Required action:
Starting at the line that contains "NWT Levi’s 501 shorts, size 27", write out each line through the end of the data below, exactly as it stands. Skip any pictures.

**** Raw data ****

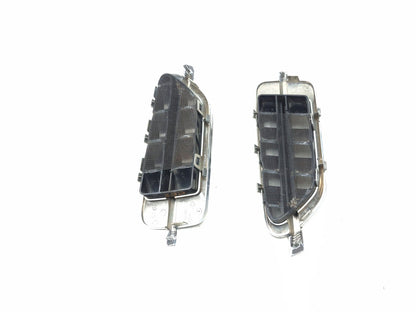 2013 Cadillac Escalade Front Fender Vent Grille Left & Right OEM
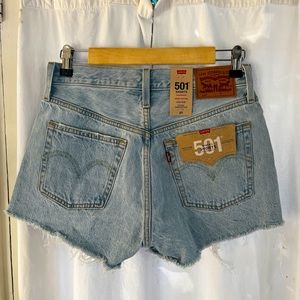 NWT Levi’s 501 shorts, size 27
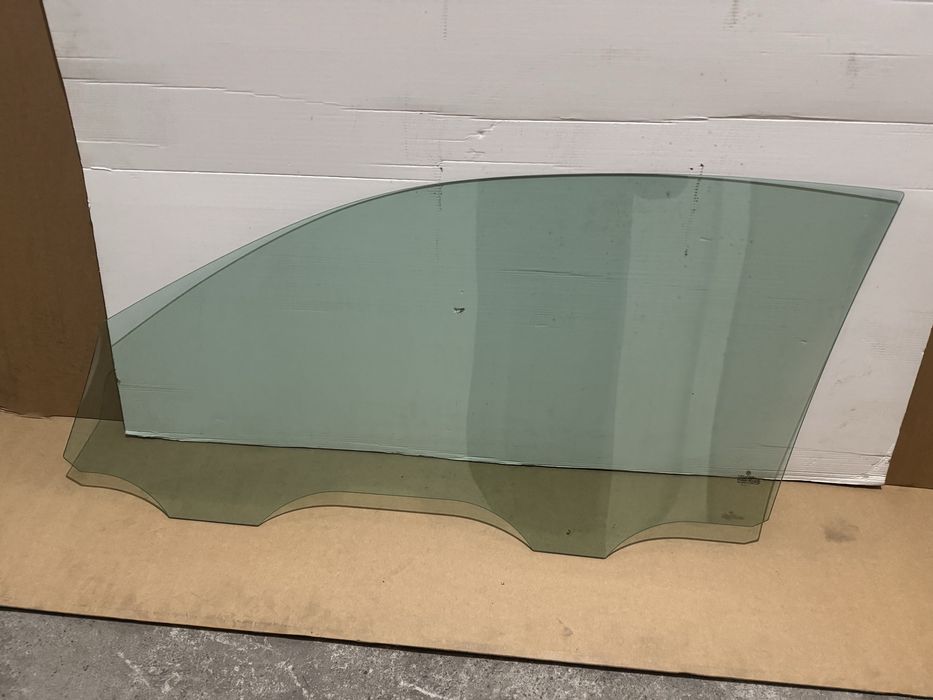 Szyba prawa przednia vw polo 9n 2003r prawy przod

****

Written answer:
 NWT Levi’s 501 shorts, size 27
 Szyba prawa przednia vw polo 9n 2003r prawy przod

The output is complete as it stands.